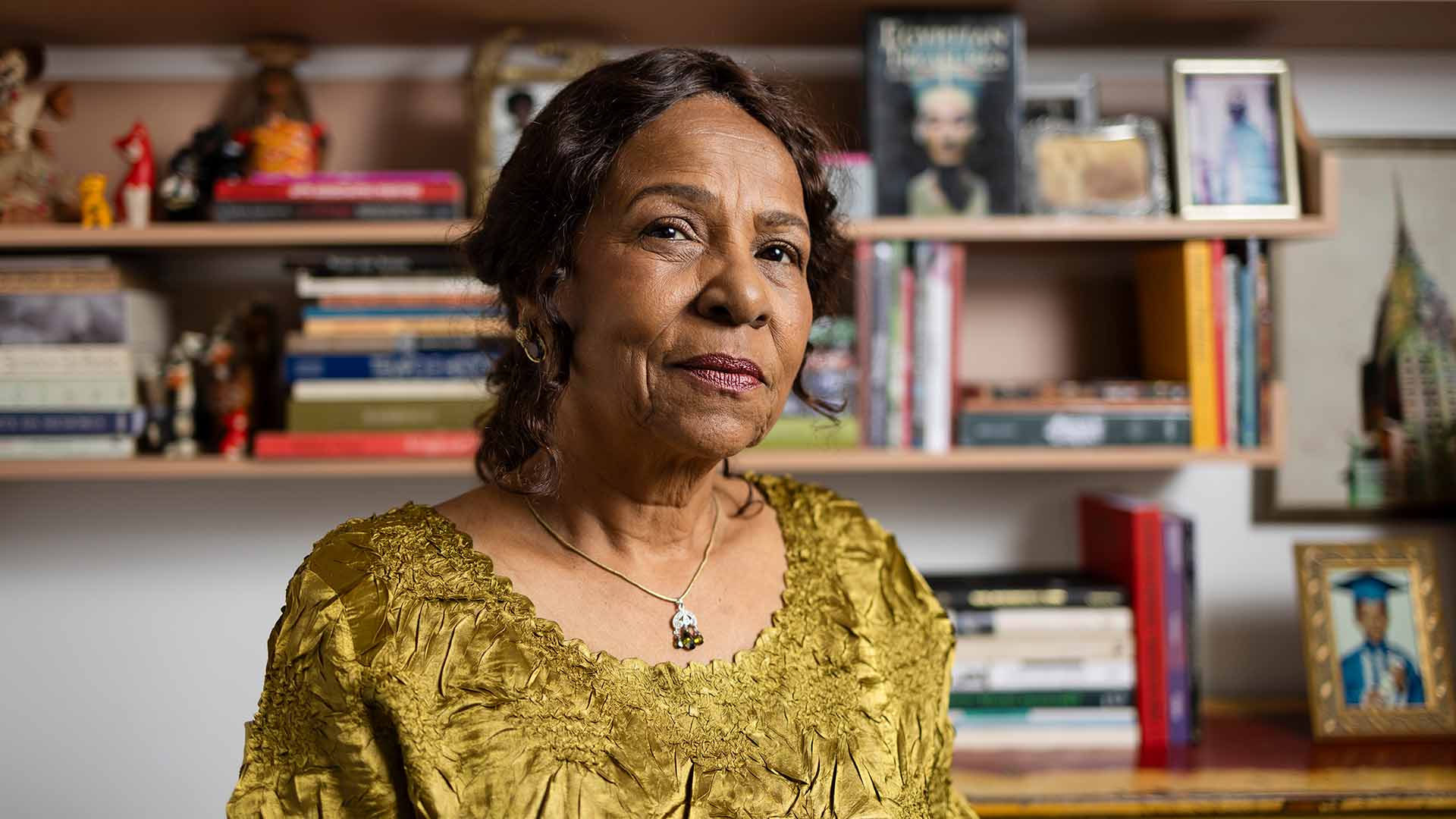 A black woman in her 60s with brown skin, hair and eyes. She wears a ruffled yellow satin dress, red lipstick, gold earrings and a silver pendant necklace. Behind her are carefully curated shelves covered in books, trinkets, and photographs—possibly of friends or family members.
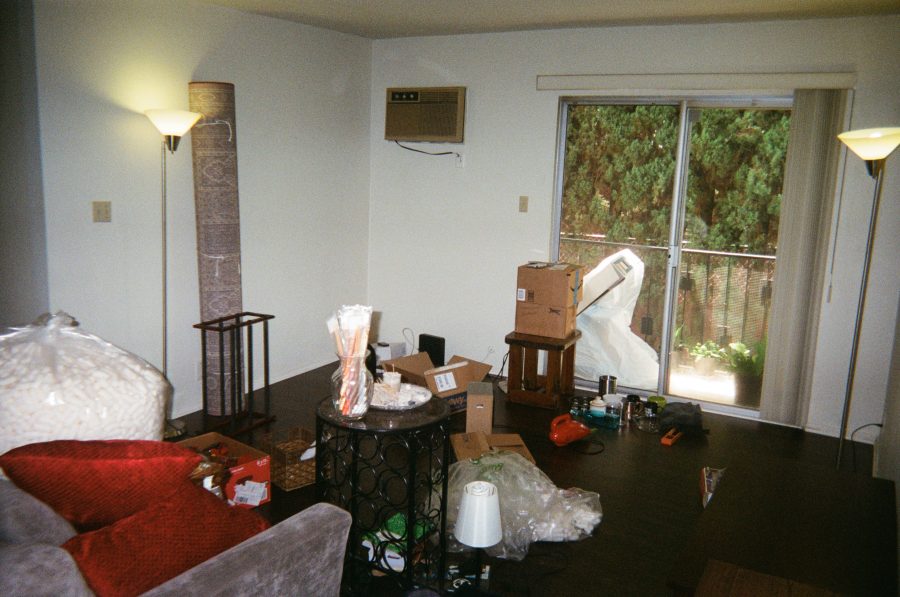 Another angle of the living room as we move out, showing the same gray couch, red cushion pillows, and packed boxes. The rug is tied up, and items like lamps, a side table, and loose household belongings are visible. Sliding doors open onto a patio lined with greenery.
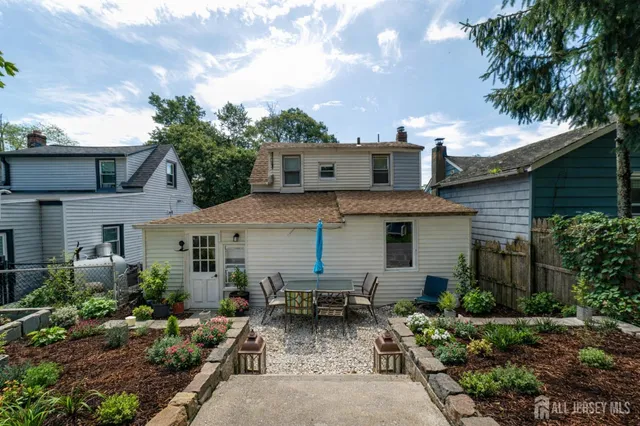 a view of house with outdoor seating space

◇ ◇ ◇

§ **Task item**
Beginning with the line that contains "Another angle of" and ending with the last line of the data above, output those lines exactly and nothing more, without any pictures.

§ **Result**
 Another angle of the living room as we move out, showing the same gray couch, red cushion pillows, and packed boxes. The rug is tied up, and items like lamps, a side table, and loose household belongings are visible. Sliding doors open onto a patio lined with greenery.
 a view of house with outdoor seating space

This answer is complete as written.